Action item » Only the opening lines of the listing, through the one with "PondMAX EV1910-DC Low Voltage Pump", are to be retyped, each exactly as it stands.
- - -
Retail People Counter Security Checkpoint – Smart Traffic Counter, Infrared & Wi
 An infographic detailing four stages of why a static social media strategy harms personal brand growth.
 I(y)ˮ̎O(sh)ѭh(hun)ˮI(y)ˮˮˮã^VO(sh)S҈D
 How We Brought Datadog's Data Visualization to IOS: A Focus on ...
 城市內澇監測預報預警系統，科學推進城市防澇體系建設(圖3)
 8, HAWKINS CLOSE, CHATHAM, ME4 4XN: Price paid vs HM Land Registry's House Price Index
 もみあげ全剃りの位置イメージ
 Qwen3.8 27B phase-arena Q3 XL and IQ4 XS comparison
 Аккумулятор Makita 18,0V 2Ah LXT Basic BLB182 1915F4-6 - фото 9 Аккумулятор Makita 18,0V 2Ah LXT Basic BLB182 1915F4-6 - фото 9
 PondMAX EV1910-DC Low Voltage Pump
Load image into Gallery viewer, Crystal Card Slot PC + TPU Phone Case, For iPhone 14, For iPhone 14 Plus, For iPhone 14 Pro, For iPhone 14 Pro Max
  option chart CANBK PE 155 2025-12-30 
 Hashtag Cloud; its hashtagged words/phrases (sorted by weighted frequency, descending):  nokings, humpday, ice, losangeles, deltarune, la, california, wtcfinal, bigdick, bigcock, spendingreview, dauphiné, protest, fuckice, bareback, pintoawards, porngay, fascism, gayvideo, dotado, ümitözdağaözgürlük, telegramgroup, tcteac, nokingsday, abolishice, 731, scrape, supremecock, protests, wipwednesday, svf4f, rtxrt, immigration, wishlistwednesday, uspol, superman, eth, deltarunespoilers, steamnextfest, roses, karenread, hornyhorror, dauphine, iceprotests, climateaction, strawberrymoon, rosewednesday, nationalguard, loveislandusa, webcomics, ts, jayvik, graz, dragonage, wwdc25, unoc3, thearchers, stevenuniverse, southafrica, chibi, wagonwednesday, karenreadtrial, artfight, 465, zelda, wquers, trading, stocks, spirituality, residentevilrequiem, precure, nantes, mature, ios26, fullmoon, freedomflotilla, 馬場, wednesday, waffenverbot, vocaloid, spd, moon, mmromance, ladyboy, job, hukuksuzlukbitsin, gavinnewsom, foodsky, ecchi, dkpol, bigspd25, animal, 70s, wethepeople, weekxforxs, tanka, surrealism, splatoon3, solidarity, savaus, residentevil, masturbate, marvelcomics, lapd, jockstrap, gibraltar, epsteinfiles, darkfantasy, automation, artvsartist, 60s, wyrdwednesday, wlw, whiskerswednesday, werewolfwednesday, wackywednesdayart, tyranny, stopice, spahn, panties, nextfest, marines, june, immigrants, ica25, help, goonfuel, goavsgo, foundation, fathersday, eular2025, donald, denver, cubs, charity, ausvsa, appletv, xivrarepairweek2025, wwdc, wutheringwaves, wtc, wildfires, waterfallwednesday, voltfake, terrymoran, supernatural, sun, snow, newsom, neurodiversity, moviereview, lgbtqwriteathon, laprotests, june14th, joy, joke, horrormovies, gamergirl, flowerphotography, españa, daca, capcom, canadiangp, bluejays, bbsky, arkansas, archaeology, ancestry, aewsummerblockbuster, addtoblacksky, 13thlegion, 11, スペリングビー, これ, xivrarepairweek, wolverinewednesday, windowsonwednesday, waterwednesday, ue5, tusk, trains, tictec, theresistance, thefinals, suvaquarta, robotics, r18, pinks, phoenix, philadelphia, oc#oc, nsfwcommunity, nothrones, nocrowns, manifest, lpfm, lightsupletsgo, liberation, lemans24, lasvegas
- - -
Reply »
Retail People Counter Security Checkpoint – Smart Traffic Counter, Infrared & Wi
 An infographic detailing four stages of why a static social media strategy harms personal brand growth.
 I(y)ˮ̎O(sh)ѭh(hun)ˮI(y)ˮˮˮã^VO(sh)S҈D
 How We Brought Datadog's Data Visualization to IOS: A Focus on ...
 城市內澇監測預報預警系統，科學推進城市防澇體系建設(圖3)
 8, HAWKINS CLOSE, CHATHAM, ME4 4XN: Price paid vs HM Land Registry's House Price Index
 もみあげ全剃りの位置イメージ
 Qwen3.8 27B phase-arena Q3 XL and IQ4 XS comparison
 Аккумулятор Makita 18,0V 2Ah LXT Basic BLB182 1915F4-6 - фото 9 Аккумулятор Makita 18,0V 2Ah LXT Basic BLB182 1915F4-6 - фото 9
 PondMAX EV1910-DC Low Voltage Pump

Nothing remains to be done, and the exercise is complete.